Exercise aim:
Please repeat the listing exactly, starting at its first line and stopping after the line that contains "Our living room".

Extracted data:
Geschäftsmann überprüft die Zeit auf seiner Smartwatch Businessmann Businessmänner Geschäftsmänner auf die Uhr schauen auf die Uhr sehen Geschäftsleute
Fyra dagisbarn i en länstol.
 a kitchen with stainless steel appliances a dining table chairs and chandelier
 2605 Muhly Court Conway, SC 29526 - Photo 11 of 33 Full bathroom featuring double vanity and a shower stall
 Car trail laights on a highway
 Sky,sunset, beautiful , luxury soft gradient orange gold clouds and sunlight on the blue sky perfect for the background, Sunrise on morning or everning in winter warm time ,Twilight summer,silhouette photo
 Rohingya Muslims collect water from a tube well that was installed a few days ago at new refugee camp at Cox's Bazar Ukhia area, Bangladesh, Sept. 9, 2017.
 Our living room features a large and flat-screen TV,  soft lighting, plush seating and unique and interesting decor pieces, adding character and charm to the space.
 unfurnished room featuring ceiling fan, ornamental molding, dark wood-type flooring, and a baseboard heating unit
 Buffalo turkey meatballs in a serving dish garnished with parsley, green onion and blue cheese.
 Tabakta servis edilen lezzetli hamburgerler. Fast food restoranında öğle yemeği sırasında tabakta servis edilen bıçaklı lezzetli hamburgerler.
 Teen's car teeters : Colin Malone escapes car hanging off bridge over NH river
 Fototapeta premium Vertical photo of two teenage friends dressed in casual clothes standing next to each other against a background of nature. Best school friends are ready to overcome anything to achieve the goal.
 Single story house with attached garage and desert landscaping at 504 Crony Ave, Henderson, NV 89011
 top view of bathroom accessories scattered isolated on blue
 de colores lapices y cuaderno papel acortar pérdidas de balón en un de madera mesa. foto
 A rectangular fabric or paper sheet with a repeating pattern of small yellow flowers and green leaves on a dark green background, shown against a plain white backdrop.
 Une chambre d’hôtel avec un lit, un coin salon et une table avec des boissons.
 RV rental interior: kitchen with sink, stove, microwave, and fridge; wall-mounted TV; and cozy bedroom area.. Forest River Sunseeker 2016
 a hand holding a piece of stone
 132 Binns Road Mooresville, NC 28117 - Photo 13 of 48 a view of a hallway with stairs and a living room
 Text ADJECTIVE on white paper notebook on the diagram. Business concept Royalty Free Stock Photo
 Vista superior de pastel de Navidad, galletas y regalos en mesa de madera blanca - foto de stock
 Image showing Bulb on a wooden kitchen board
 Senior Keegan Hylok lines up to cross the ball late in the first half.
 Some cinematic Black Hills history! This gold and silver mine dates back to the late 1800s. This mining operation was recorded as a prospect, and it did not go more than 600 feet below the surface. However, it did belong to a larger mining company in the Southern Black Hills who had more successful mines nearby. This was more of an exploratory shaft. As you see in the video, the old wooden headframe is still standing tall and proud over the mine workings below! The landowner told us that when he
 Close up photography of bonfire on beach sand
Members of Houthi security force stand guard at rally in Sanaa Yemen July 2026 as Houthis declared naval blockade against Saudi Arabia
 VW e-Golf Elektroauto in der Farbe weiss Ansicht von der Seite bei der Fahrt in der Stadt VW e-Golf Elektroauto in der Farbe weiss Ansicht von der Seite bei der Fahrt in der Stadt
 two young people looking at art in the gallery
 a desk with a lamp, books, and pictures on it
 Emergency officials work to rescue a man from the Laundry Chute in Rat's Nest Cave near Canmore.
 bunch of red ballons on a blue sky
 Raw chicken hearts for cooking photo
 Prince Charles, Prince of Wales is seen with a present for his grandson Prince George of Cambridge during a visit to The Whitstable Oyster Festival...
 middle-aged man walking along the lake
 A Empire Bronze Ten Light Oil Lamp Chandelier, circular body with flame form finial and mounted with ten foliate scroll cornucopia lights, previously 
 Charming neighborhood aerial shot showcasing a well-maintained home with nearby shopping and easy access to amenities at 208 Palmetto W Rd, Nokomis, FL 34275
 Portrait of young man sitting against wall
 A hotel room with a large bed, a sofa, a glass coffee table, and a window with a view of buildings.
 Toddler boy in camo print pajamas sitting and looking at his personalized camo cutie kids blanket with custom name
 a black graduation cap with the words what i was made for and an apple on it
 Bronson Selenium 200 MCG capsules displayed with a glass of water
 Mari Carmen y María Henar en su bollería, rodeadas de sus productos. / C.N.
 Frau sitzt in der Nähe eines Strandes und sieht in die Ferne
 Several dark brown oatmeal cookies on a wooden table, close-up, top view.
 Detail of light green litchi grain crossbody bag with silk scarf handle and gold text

Problem solution:
Geschäftsmann überprüft die Zeit auf seiner Smartwatch Businessmann Businessmänner Geschäftsmänner auf die Uhr schauen auf die Uhr sehen Geschäftsleute
Fyra dagisbarn i en länstol.
 a kitchen with stainless steel appliances a dining table chairs and chandelier
 2605 Muhly Court Conway, SC 29526 - Photo 11 of 33 Full bathroom featuring double vanity and a shower stall
 Car trail laights on a highway
 Sky,sunset, beautiful , luxury soft gradient orange gold clouds and sunlight on the blue sky perfect for the background, Sunrise on morning or everning in winter warm time ,Twilight summer,silhouette photo
 Rohingya Muslims collect water from a tube well that was installed a few days ago at new refugee camp at Cox's Bazar Ukhia area, Bangladesh, Sept. 9, 2017.
 Our living room features a large and flat-screen TV,  soft lighting, plush seating and unique and interesting decor pieces, adding character and charm to the space.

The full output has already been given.